§ **Task requirements**: Restate, word for word and with no pictures, the stretch of lines in the data below that begins at the line with "PA license plate KAC1633" and ends at the line with "ONLEMERY LIFE S/S O-NECK MIX TOP JRS Black", inclusive.

((

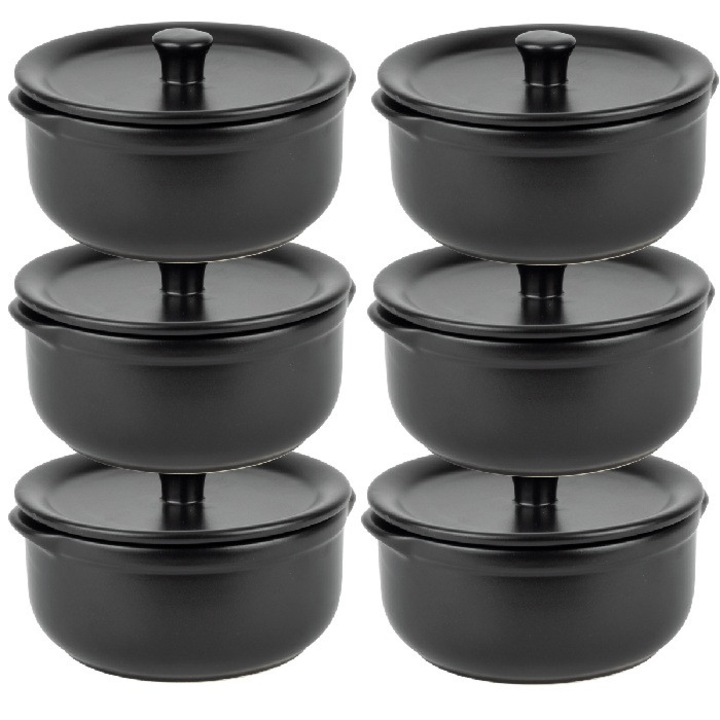 Set 6 Vase de copt si servit ceramice cu capac CULINARO, D14xh6, 6cm, 600ml, negru mat
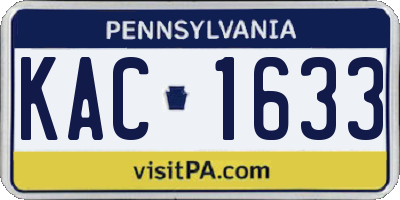 PA license plate KAC1633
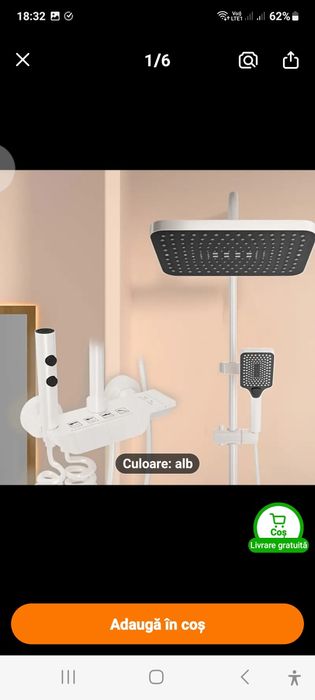 Set Coloană de Duș Premium cu Design Elegant alb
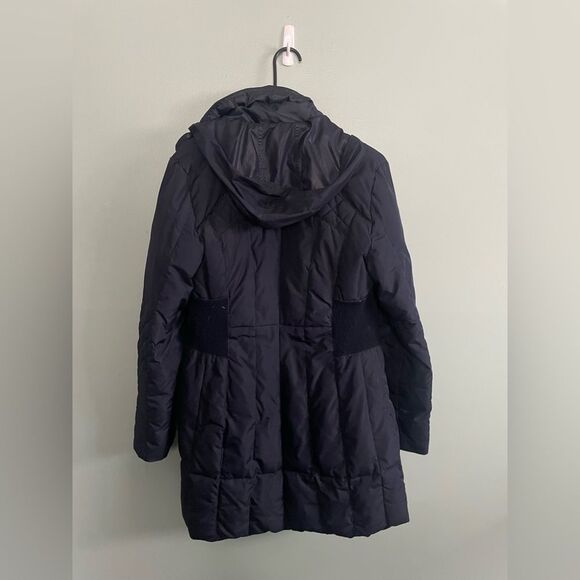 Esprit Navy Long Line Quilted Spring Jacket Zipped in Hood Sz S - Picture 7 of 8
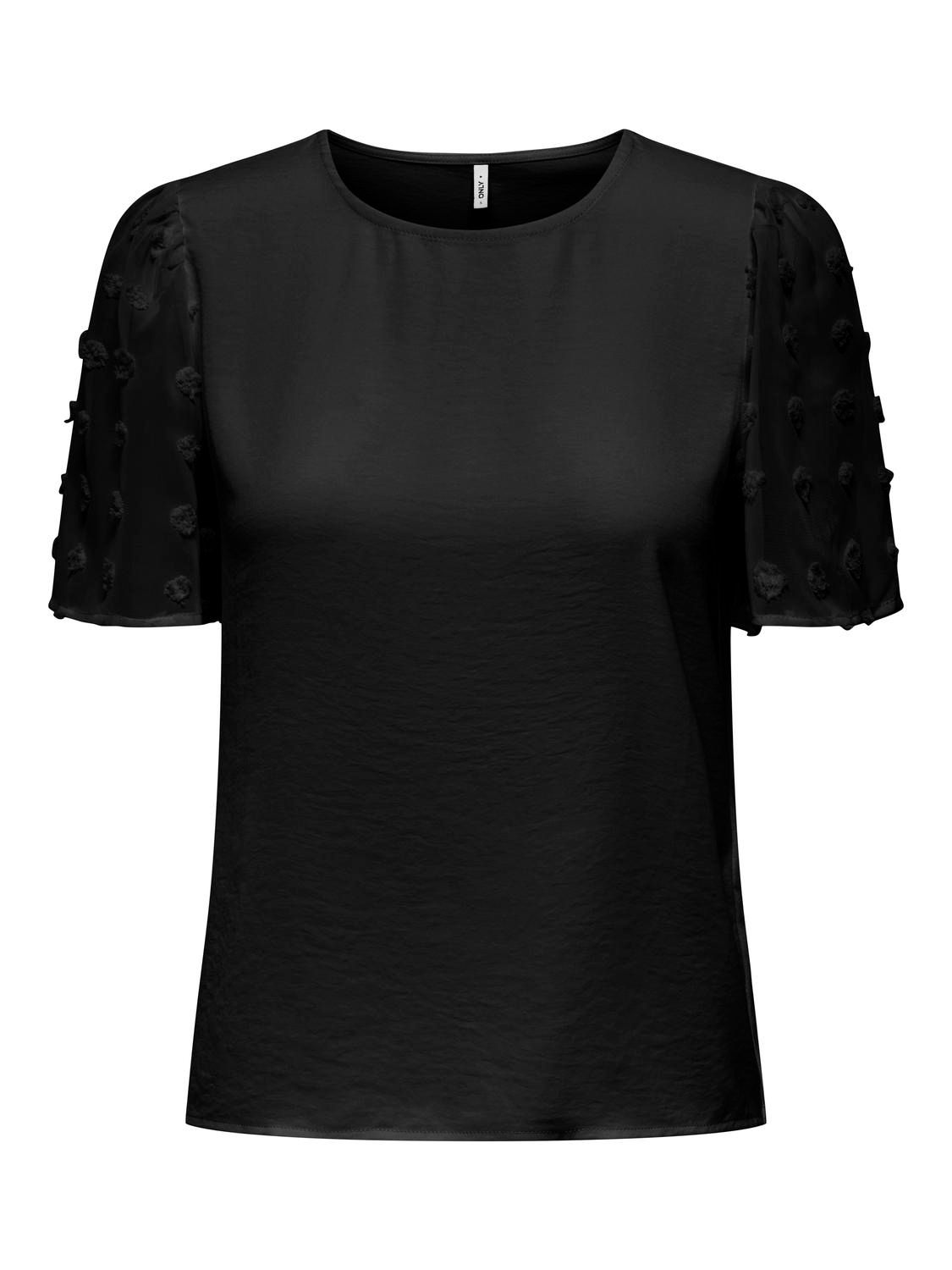 ONLEMERY LIFE S/S O-NECK MIX TOP JRS Black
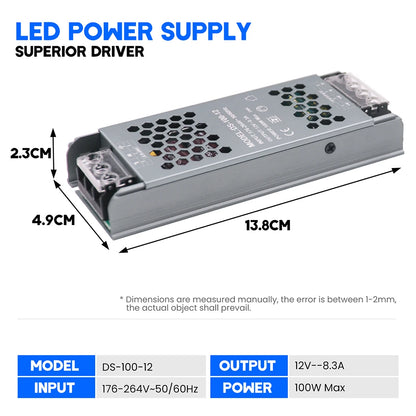 12V 24V 60W 100W 150W 200W 300W 400W Transformer Power Supply 110V 220V 230V AC to 12 24 Volt DC LED Strip Light Bulb LED Driver.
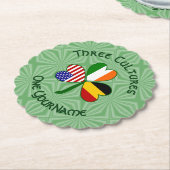 Irisch-amerikanisches Kleeblatt-Flag Personalisier Untersetzer (angewinkelt)
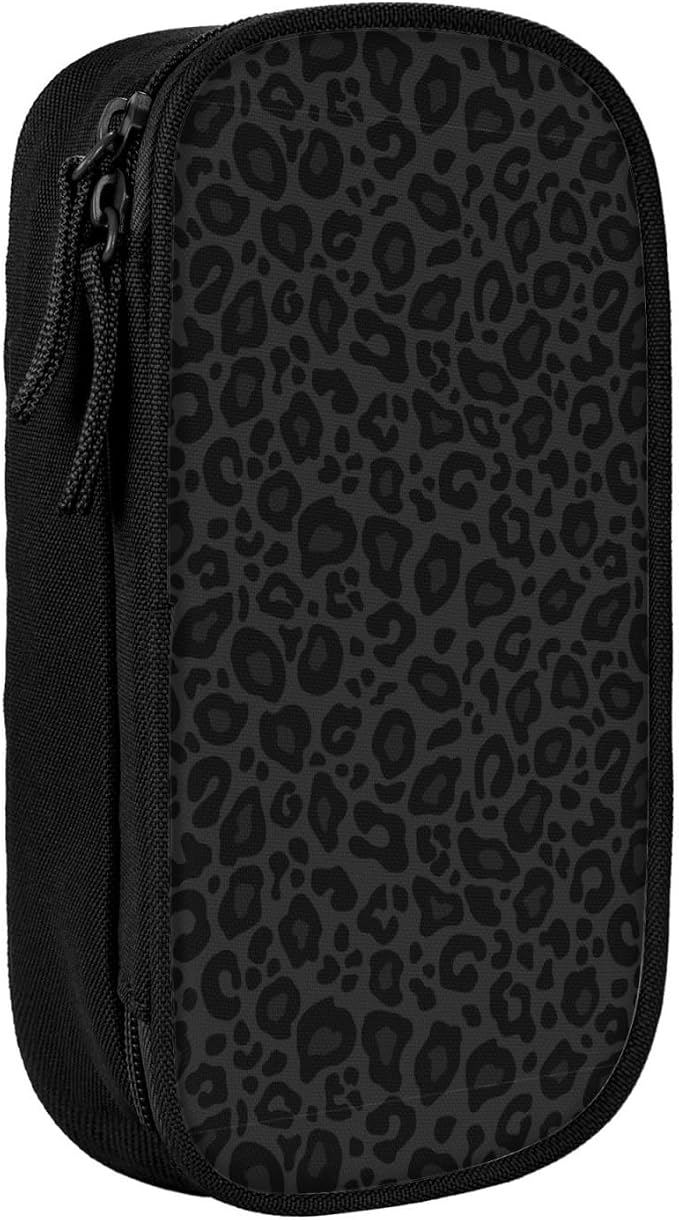 Perinsto Black Leopard Print Pencil Case Big Capacity Multi Compartment Stationery Box Pencil Pouch Holder Desk Organizer For School Office Home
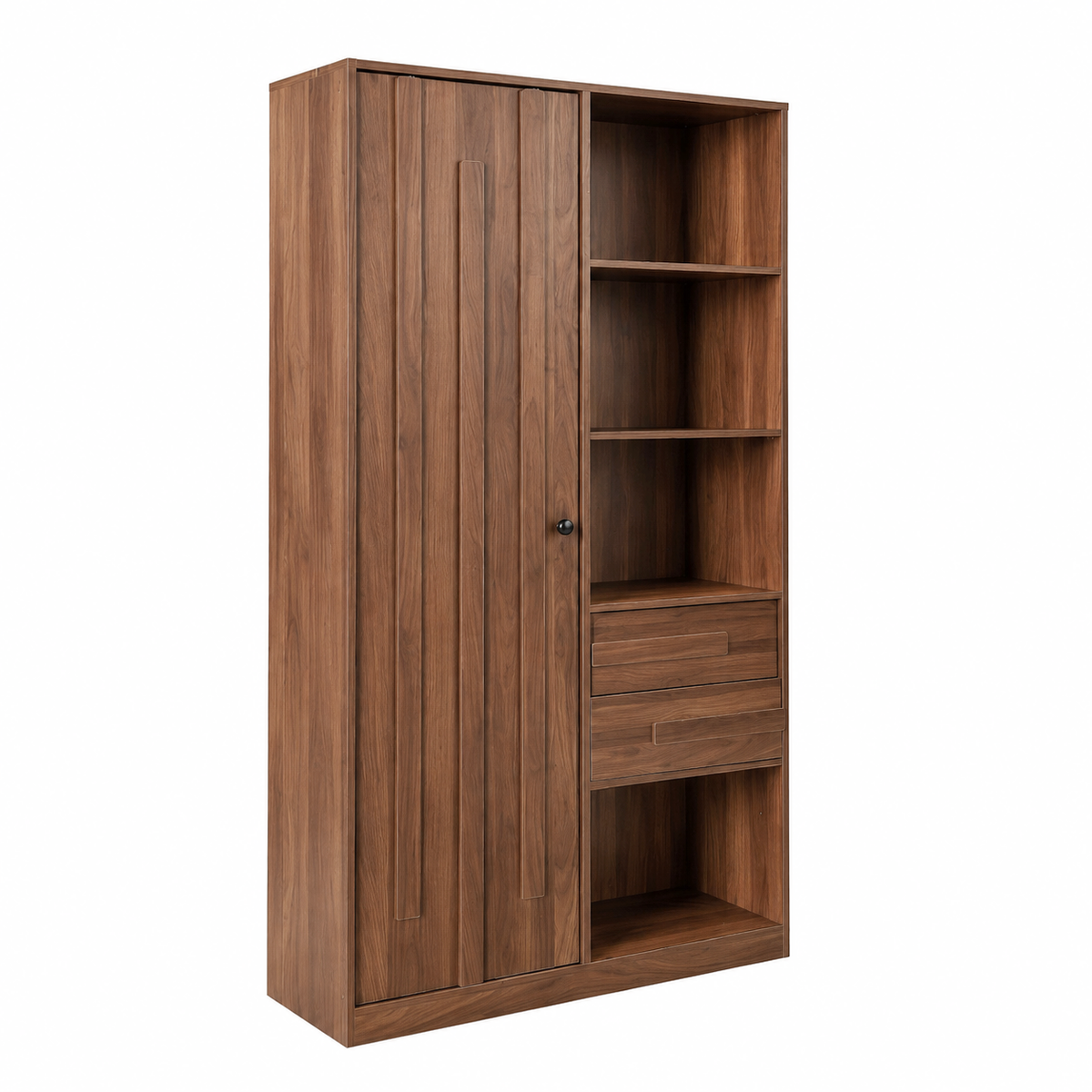 Freestanding Storage Cabinet, Tall cabinet with fluted Door, 2 Drawers & Open Shelves, Multi-Purpose Organizer for Bedroom, Living Room, Entryway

))

§ **Response area**:
 PA license plate KAC1633
 Set Coloană de Duș Premium cu Design Elegant alb
 Esprit Navy Long Line Quilted Spring Jacket Zipped in Hood Sz S - Picture 7 of 8
 ONLEMERY LIFE S/S O-NECK MIX TOP JRS Black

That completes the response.